We know in fact that the girl's love for her lion, King, is a sublimation of her amorous passion for her father, described by Kessel on several occasions as wearing the same tawny "fleece" as the lion (Kessel insists on his

"broad, almost animal face under the fleece of red hair"

, p. 994), giving her daughter the same caresses as this one with the lion, who, moreover, passes, in the legends peddled in the savannah, for the real father of Patricia.

The novel also sets itself the objective of analyzing the characters who, when they no longer roam the great outdoors and are locked in an enclosed space, tear each other apart.

It is a question, writes Kessel, of bringing to light

"the truth of the beings gathered under this roof: falsely asleep, dangerous, unhealthy waters"

(p. 1056).

To read also:

“Itinerary at dusk”: in the footsteps of Joseph Kessel

If we think about it, we see in the director of the Park, who is a converted poacher, like an entirely pagan guardian - the lion, unlike savage beauty, embodies heresy in the Christian tradition (in the Psalms ) or the devil (in Saint Augustine) - of places shaped

“in the last days of creation”

.

Bullit is a Hercules capable of wrestling with the lion King, like his model with that of Nemea;

Patricia speaks to animals like Orpheus the magician of mythology;

Sybil, her mother, is indeed a real sibyl, able to read the future

"with the keenest intelligence and the finest sensitivity"

, but no one believes her (

"They think that I am blind ..."

).

However, all of them have a vague idea, without succeeding in defining it, the final drama and, by dint of wanting to avoid it, facilitate its inexorable fulfillment.

Never, in this novel, he gives in to the traps of psychologizing introspection which he hated and designated as his own "people intellectualized to the extreme" which formed according to him "a dogmatic trap".

As in classic tragedy, fear, terror and pity seize the reader as they inhabit the parents of the heroine and the narrator.

So in this magnificent page, close to the denouement, where we see Kessel successively using all the words that define tragic theater according to Aristotle: cruelty, anger, terror, pity, sorrow, tenderness and, finally, fault (p. 1099) :

"Curtain after curtain, the earth opened its theater for the games of the day and of the world"

.

And Sybil, who has the thankless role of the prophetess, sees alone, in tremors characteristic of a Pythian trance, the terrible end, which allows her to affirm:

"It is not the fault of anyone"

, as in the

Oedipus

of Sophocles, where no one is guilty.

Only Patricia is spared because she ignores

"the meaning of death"

and for this reason remains

"without pity or fear"

until she understands that the destiny she had "

brought about, called, prepared by instinct stubborn and subtle ”

was in the process of being fulfilled (p. 1121): the double loss of the father and the lion.

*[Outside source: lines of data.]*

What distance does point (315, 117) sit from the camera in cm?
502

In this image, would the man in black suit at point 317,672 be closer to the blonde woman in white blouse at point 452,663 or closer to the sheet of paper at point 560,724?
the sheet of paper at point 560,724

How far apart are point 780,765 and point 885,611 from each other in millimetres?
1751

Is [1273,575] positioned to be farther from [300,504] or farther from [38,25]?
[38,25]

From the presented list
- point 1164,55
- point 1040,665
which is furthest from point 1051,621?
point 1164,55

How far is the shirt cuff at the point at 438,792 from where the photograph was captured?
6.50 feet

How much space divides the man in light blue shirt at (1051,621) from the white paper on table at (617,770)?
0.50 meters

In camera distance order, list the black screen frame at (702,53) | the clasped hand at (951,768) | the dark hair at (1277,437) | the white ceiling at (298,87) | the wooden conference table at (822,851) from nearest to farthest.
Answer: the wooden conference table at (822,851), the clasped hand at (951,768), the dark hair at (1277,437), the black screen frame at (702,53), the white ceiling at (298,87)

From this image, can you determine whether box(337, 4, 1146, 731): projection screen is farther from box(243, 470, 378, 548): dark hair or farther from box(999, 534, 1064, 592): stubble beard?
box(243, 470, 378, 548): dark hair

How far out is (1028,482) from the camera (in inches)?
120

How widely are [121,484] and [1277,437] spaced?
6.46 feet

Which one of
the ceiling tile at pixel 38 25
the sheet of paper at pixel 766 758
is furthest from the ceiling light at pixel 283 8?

The father kills the lion, sacrifices his double and by this act renounces the love of his daughter.

The sublime end of the novel reveals the power of Kessel's writing.

While the narrator opened in the opening page of the novel a new world thanks to a little monkey which lifts his eyelids (magnificent incipit reminiscent of that of

The Human Condition

:

"Did he pull on my eyelids to see what they were hiding? ”

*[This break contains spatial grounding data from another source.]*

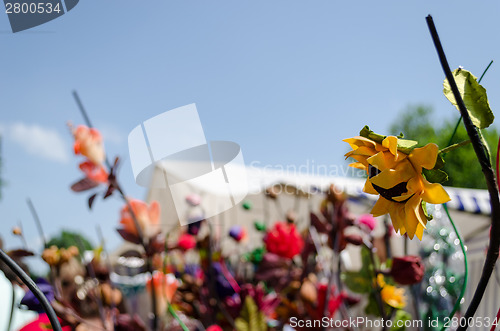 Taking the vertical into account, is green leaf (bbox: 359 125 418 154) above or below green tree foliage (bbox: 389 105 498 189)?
above

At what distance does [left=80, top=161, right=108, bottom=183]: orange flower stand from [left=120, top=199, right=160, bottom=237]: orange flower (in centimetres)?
4

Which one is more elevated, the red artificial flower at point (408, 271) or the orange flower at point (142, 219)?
the orange flower at point (142, 219)

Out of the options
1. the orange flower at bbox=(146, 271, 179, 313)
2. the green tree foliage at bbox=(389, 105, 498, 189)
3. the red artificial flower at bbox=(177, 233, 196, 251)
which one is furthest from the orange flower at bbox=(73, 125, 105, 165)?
the green tree foliage at bbox=(389, 105, 498, 189)

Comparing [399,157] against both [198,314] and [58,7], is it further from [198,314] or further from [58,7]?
[198,314]

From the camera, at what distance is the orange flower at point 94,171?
413 millimetres

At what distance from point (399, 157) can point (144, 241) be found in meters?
0.30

), death for the lion is described as

“ a kind of vitrified veil (which) was beginning to cover (its) eyes ”

.

In front of the lion's corpse the heroine experiences fear for the first time and realizes that at least indirectly she is the cause of the death of her fantasized father, the lion:

“I was sworn,” says a character, that 'she has a lion as her father

,' thus satisfying an unavowable desire.

Kessel had written with

Le Tour du malheur

, very unjustly badly received by the critics a few years earlier, an epic of true magnitude, around a main character.

With

The Lion,

he organizes a drama with a fatal outcome around a handful of protagonists.

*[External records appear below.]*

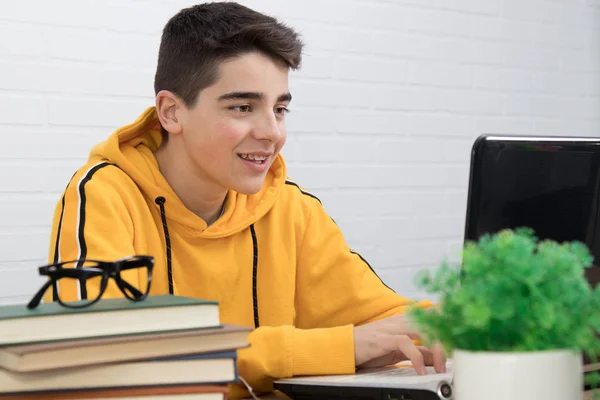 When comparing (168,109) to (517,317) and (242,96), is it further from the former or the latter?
(517,317)

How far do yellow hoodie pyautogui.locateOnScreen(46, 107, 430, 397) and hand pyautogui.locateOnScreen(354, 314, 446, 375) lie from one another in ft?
0.35

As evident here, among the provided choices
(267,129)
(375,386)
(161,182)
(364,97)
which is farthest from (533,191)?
(364,97)

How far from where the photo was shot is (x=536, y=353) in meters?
0.65

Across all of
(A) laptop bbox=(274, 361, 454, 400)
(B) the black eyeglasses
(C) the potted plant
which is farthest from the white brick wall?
(C) the potted plant

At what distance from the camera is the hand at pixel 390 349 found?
1178mm

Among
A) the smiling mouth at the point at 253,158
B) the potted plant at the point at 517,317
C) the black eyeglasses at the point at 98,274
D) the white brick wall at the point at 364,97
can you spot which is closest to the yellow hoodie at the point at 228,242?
the smiling mouth at the point at 253,158

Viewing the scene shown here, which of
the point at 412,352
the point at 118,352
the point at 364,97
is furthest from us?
the point at 364,97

And then, in this novel, he never gives in to the traps of psychologizing introspection which he hated and designated as his own

"people intellectualized to the extreme"

which formed, according to him,

"a dogmatic, exclusive camp"

.

The supposed innocence of the early days of the world is only an illusion.

Murder and sacrifice offer a drop in the curtain bathed in blood.